Action item:
Omit every picture and return the rest of the data unaltered.

Data segment:
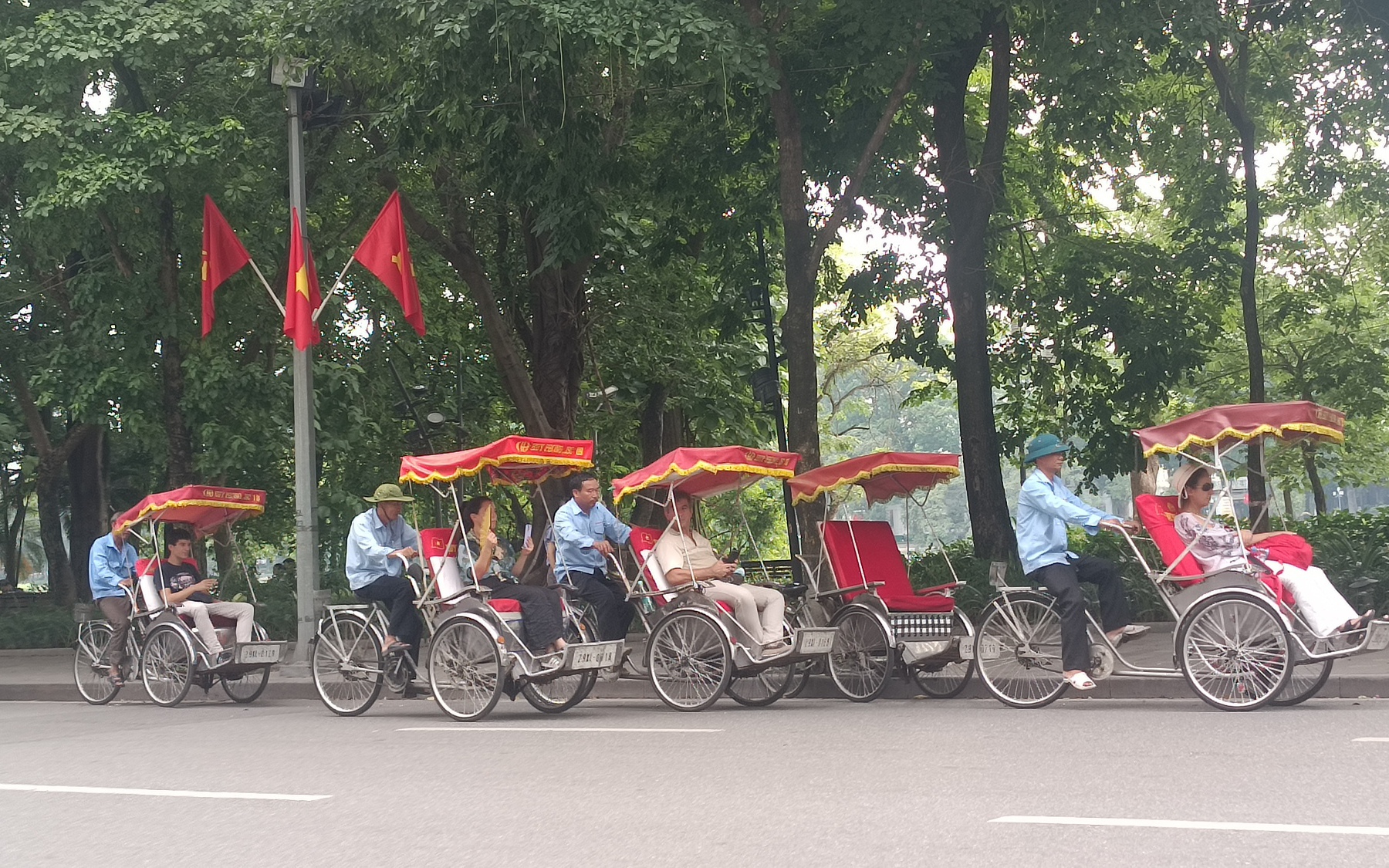 Ký ức Hà Nội: Thủ đô luôn "bao bọc" nhiều mảnh đời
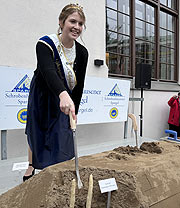 Die amtierende Schrobenhausener Spargelkönigin, Natalie I.  beim Anstich auf dem Viktualienmarkt am 10.04.2024 (©Foto: Martin Schmitz)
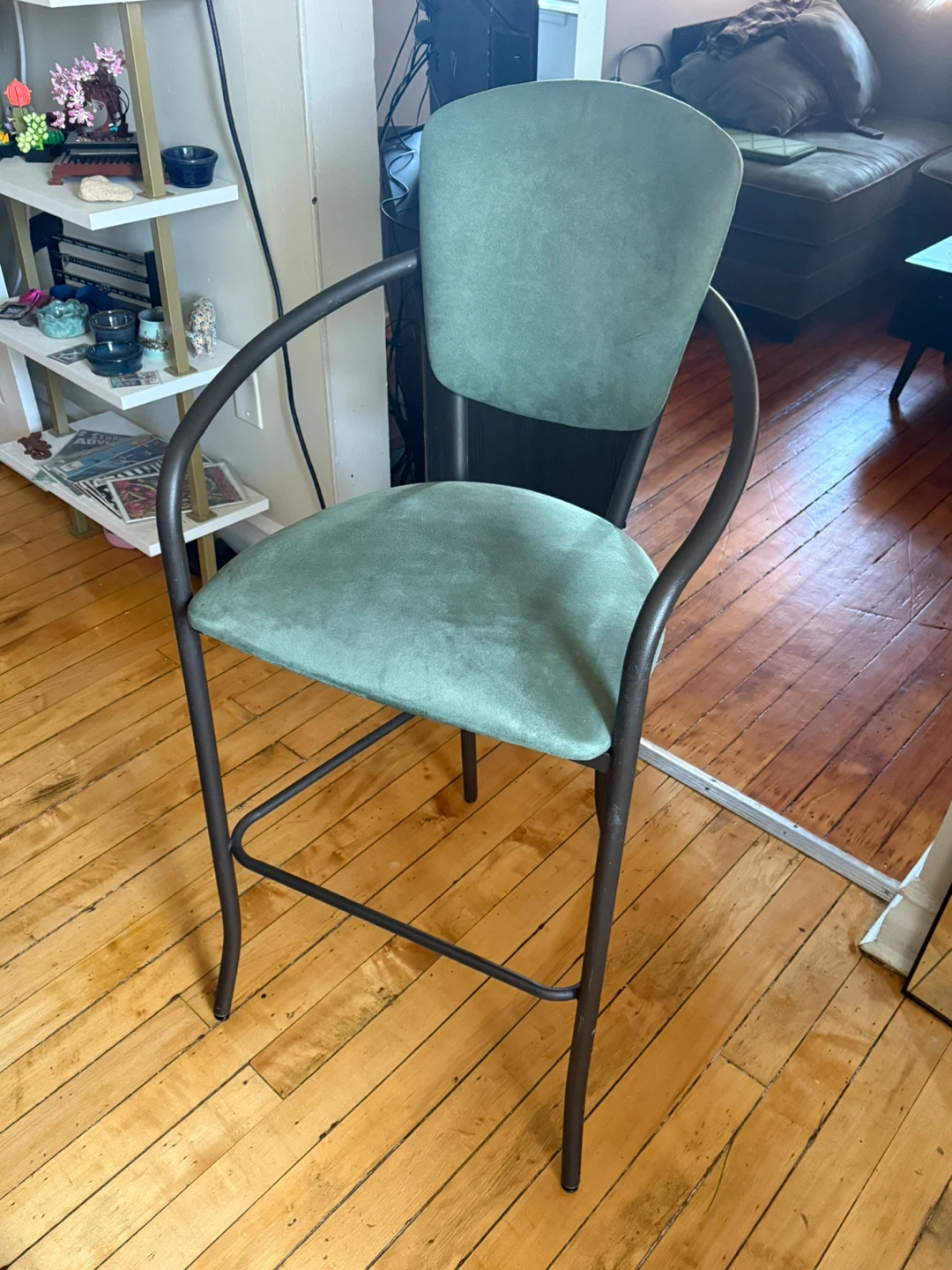 4 Green Chairs - photo 2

Worked solution:
 Ký ức Hà Nội: Thủ đô luôn "bao bọc" nhiều mảnh đời
 Die amtierende Schrobenhausener Spargelkönigin, Natalie I.  beim Anstich auf dem Viktualienmarkt am 10.04.2024 (©Foto: Martin Schmitz)
 4 Green Chairs - photo 2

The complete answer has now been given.